La muchacha que bailó con Travolta
COMO VIEJOS aficionados al psicoanálisis, los ciudadanos de Estados Unidos se preguntan qué misterioso impulso les ha llevado al fervor excepcional por los príncipes de Gales. Su respuesta es, más o menos, ésta: lo que pasa tiene relación con una búsqueda de las propias raíces, una sed de tradición y una nostalgia de la corona. Habría que añadir también que en ello va incluida una nostalgia de Europa que los componentes de este fructífero melting pot arrastran de generación en generación. Horadando el pasado, se podría suponer que la Declaración de Independencia y la Constitución presuponían ya una república monárquica: la institución de un presidente soberano, reinante no a la manera actual europea -la de las monarquías republicanas, sin poderes efectivos, que los propios príncipes visitantes representan y desempeñarán en el futuro-, sino a la pasada, aunque sabiamente limitada por los períodos legislativos. La escultura de las cabezas de los presidentes en las Montañas Rocosas hace de ellos personajes coronados, casi imperiales.Los príncipes de Gales son, sobre todo, una imagen, que es lo que se busca en estos casos. Una imagen perfecta. Hay princesas europeas un poco escandalosas, con tendencia a la exhibición y con vocaciones demasiado humanas que no pueden cumplir con las exigencias de este rito. No sirven y, a fin de cuentas, el glamour es un poco vulgar. En cambio, lady Di tiene una encantadora modestia. Puede ser la muchacha que bailó con Travolta precisamente un sábado por la noche, con un rubor radiante, como si fuese el sueño de su vida, y hasta tener un esposo que lo explica muy bien -"hubiera sido una idiota si no se hubiera divertido bailando con él"-; pero también es la esposa sumisa y antigua que se sienta unos pasos detrás del marido en una conferencia de prensa y no abre la boca para nada. Valores profundos, según dicen. El príncipe Carlos, a su vez, mantiene una tradición que siempre acompañó a los príncipes de Gales: una cierta libertad callejera, alguna ruptura de protocolo, unas preocupaciones por las clases humildes; hubo un príncipe de Gales que de tal forma interpretó su papel de independencia que luego no pudo acostumbrarse a ser rey y se volvió duque de Windsor.

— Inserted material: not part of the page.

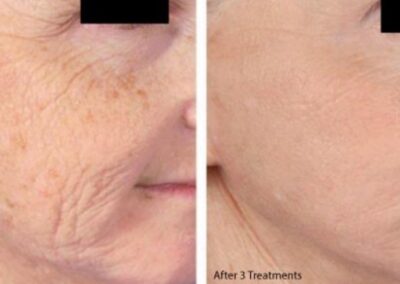 improvement-in-skin-tone-and-texture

El pueblo británico finge una cierta preocupación por estas modestas libertades que se toma su futuro heredero, pero eso también forma parte de la tradición. La pareja tiene una vida pública distinguida y laboriosa, sus pequeñas transgresiones son sencillas -hace un par de semanas, la discusión que produjeron en todos los canales de la televisión británica y en la Prensa, con intervención de especialistas, consistía en la forma y la ocasión en que la princesa se puso una diadema- y su vida privada se mantiene encastillada y secreta, probablemente aburrida -como debe ser- y sin más objetivo que llegar a una corona donde seguirán siendo personajes alegóricos.
Puede ser todo esto lo que ha fascinado a Washington -y, por extensión, a Estados Unidos- hasta convertir en acontecimiento verdaderamente extraordinario lo que no tenía razones para serlo. La noche en la Casa Blanca ha sido considerada como histórica. Y todos los invitados habían recibido un briefing, una especie de cursillo rápido, sobre lo que debían y no debían decir. Por ejemplo, expresar la admiración a lady Di por su delgadez. Con todo, cursillo incluido, el presidente Reagan llamó a Charles princesa David, aunque, eso sí, rectificó inmediatamente para llamarle a él mismo princesa Diana. Pero hasta eso no se considera un fallo de memoria, o simplemente una tontería, del presidente, sino que se enmarca en el cuadro de lo simpático. No es una cuestión que requiera ningún examen de la dureza de las arterias. Se trata sólo de los nervios propios de un hombre que sale del pueblo -aunque tenga todo el poder del mundo, aunque no vaya a parpadear ante Gorbachov- frente a la radiante emanación de la realeza. Algo que produce sobrada emoción en los países -y aun en los partidos- republicanos.